Looking for Some Writing That Evokes a Sense of Place? Pick up a Good Whodunit.
Travel Blog • Michael Yessis • 06.11.03 | 12:16 AM ET
So says Reggie Nadelson in a vivid essay in the June issue of Travel + Leisure. The author of “Red Hot Blues” and “Hot Poppies” examines the importance of place in crime novels and recounts a few events from her own travels that led to specific scenes in her books, including a trip to Hong Kong that influenced the latter book.

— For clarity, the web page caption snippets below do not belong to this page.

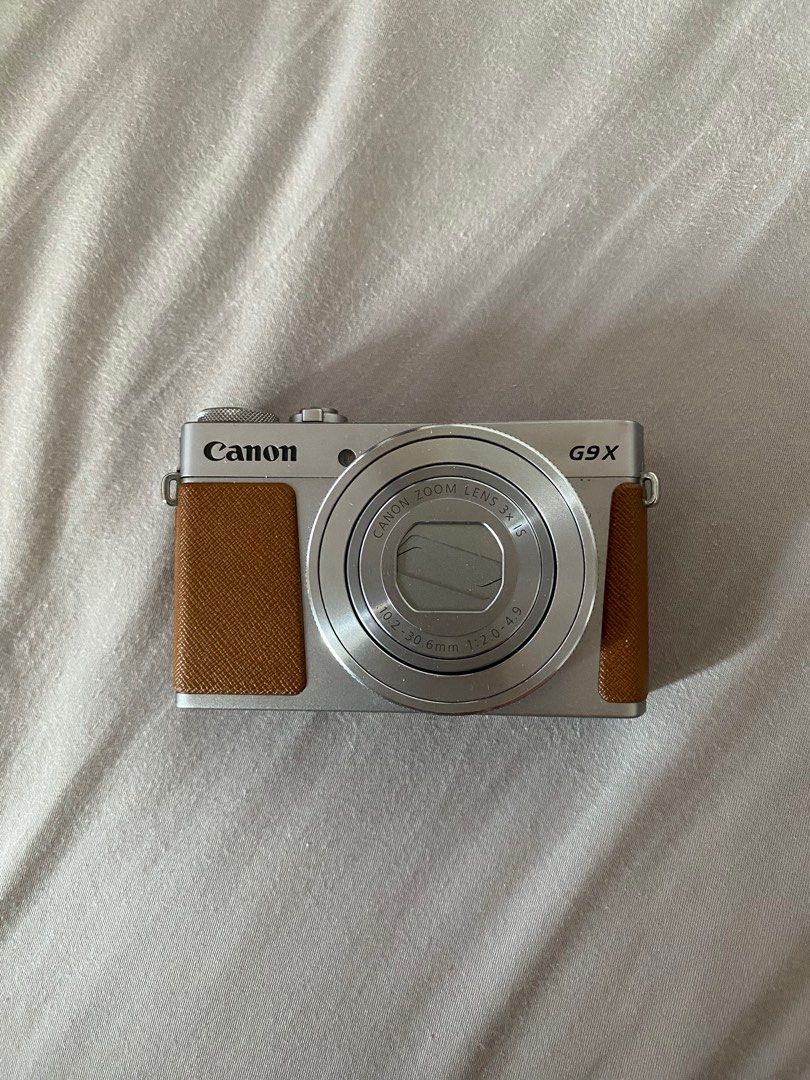 Beschermende PU lederen camera tas voor Canon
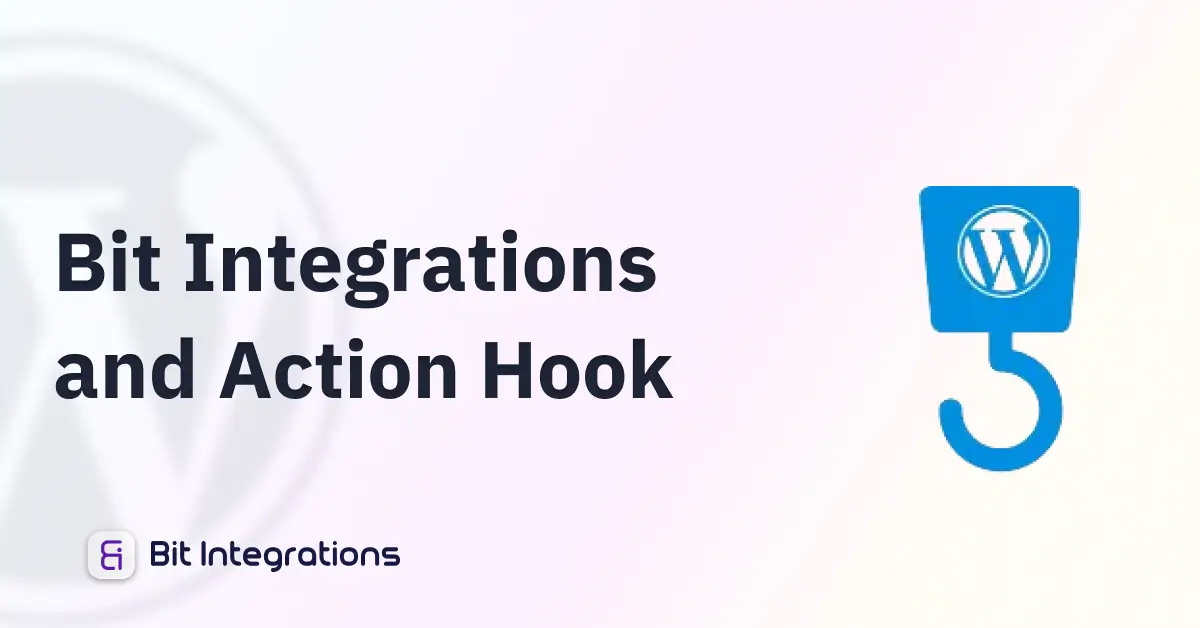 Bit Integrations and Action Hook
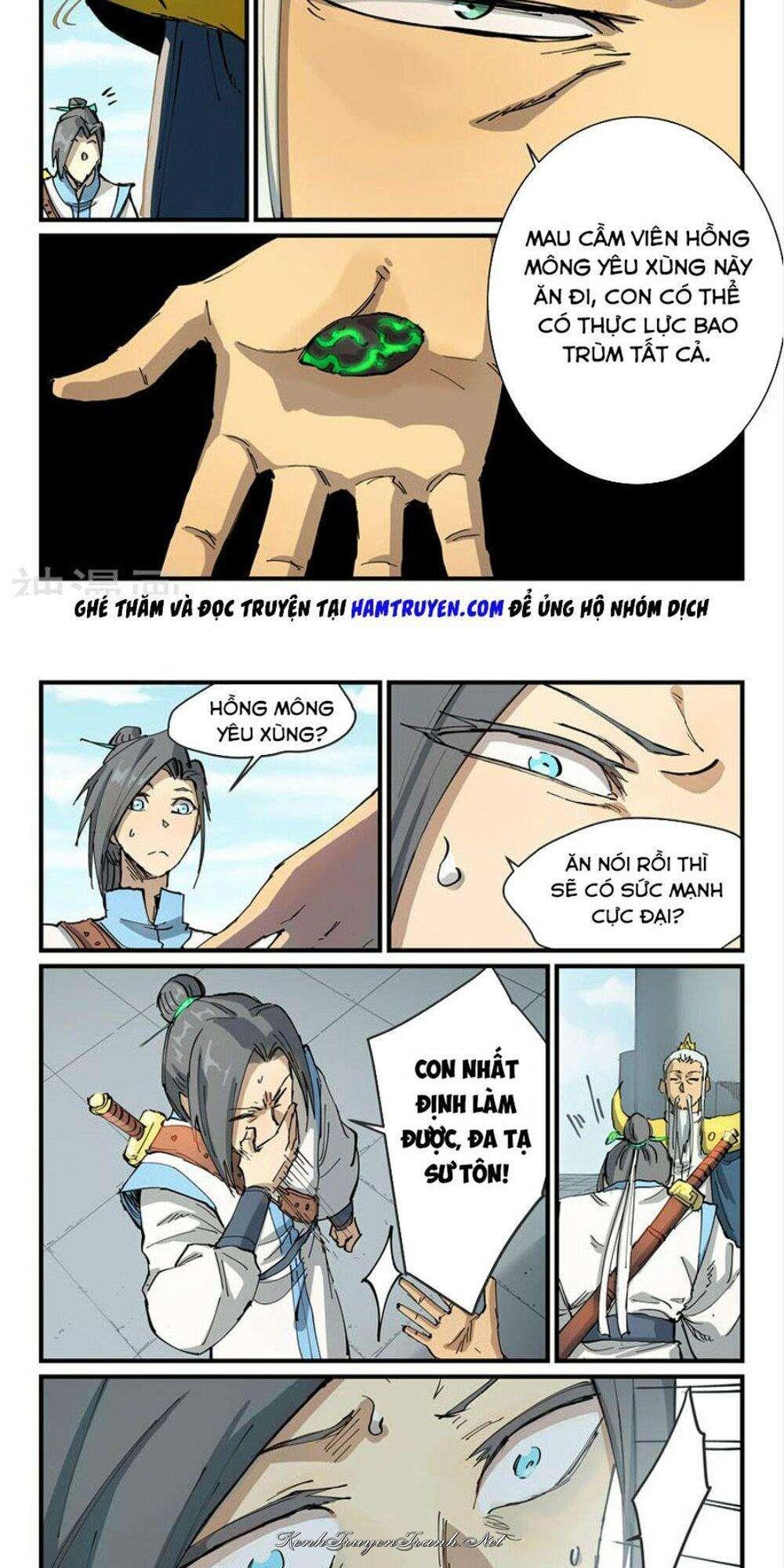 Truyện VI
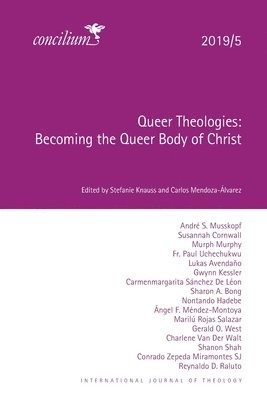 bokomslag Queer Theologies 2019/5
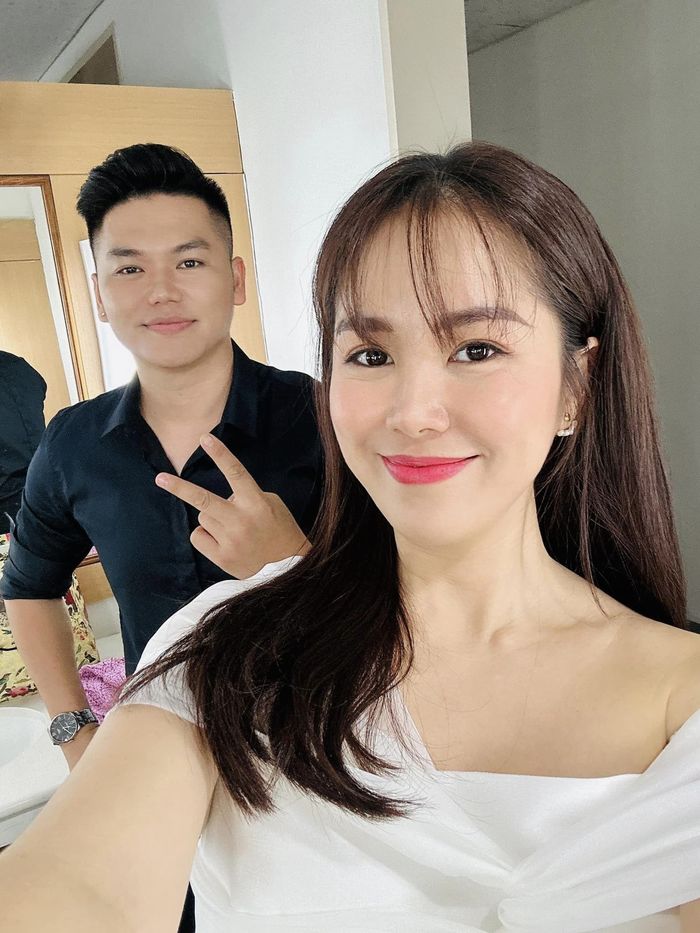 Lê Phương kết hôn 6 năm vẫn tình như ngày đầu: Hạnh phúc nên trẻ lâu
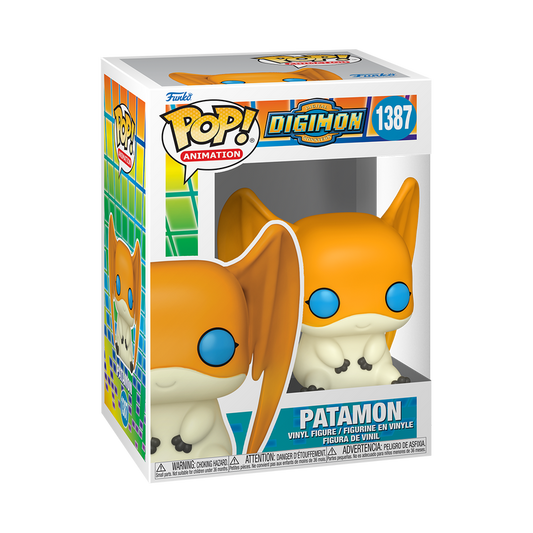 pop patamon 1387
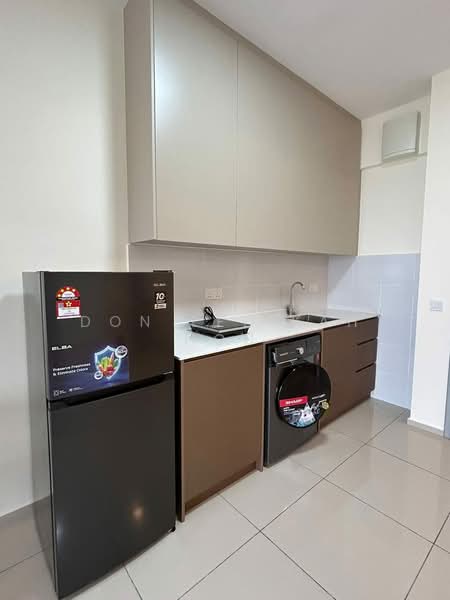 Service Residence for Rent at One Equine - Don Lee Kah Hou - Kitchen - PropertyGuru.com.my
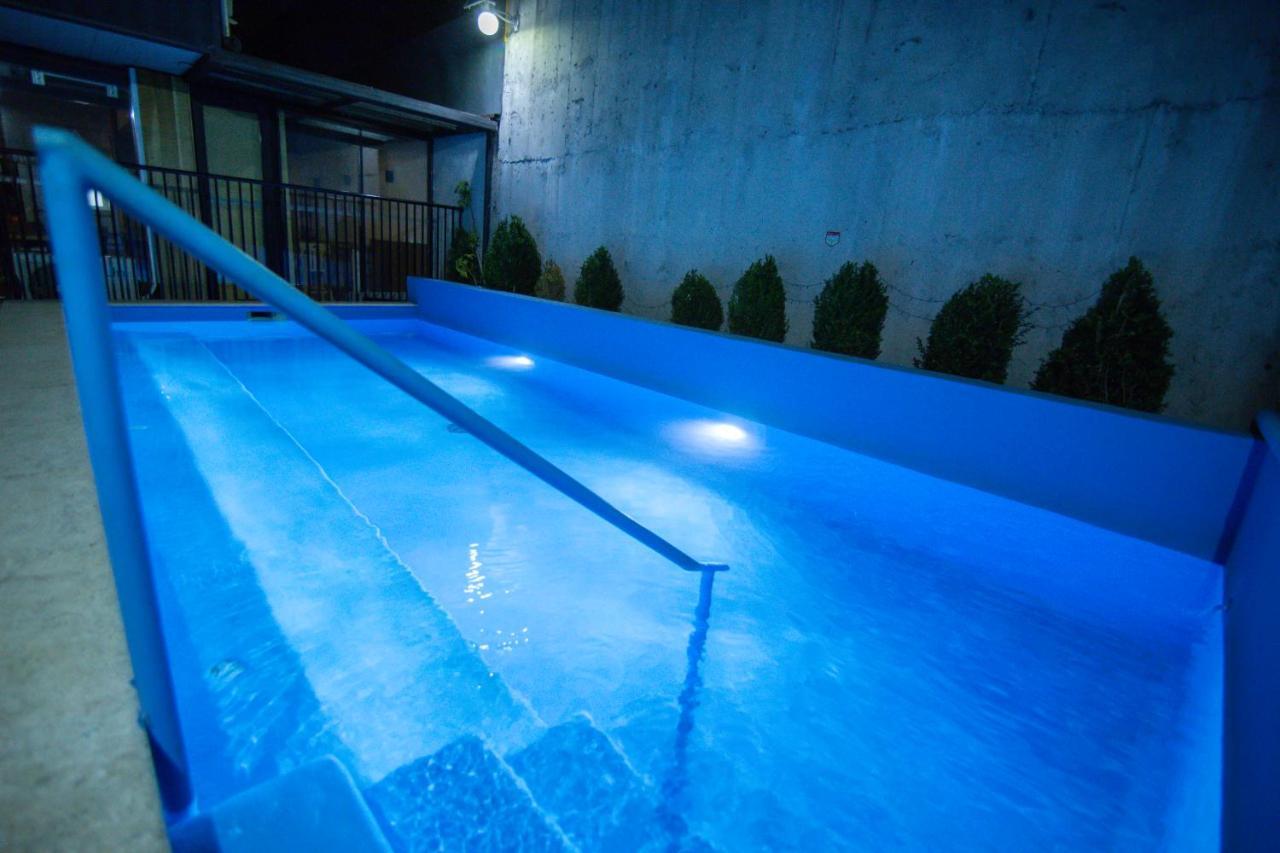 Hotel Cumbres Del Sur Pucón Buitenkant foto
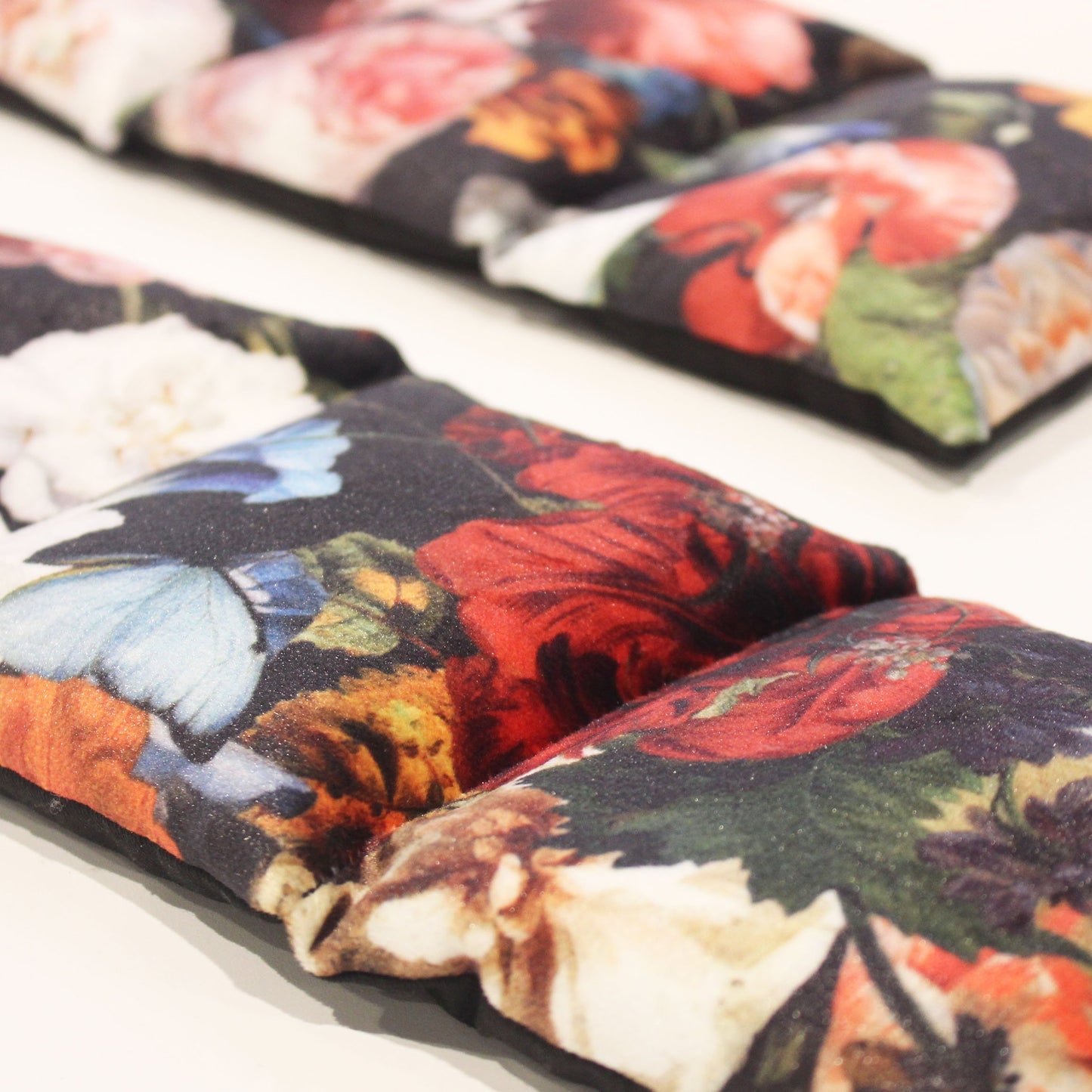 Wheat Bag - Flowerbomb Velvet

“I was interviewing some very rich people, who took me gambling in Macao and shopping in the Central District,” she writes. “It was just before the Chinese took back the city; there were demonstrations, people were nervous. It was infectious. What I remember most clearly is getting off the train from still-British Hong Kong into Shenzhen in the People’s Republic. Thousands of workers poured off as well, and I felt myself drowning in a sea of people. All I could see was a man near me, his hands rising out of the mob, holding a toilet aloft. The scene went into the book whole.” The piece includes a sidebar on the most evocative “travel thrillers,” if you will. Among the featured books and the places they reveal: Peter Høeg’s “Smilla’s Sense of Snow” (Denmark and Greenland); Martin Cruz Smith’s “Gorky Park” (Russia); and Raymond Chandler’s “The Big Sleep” (California).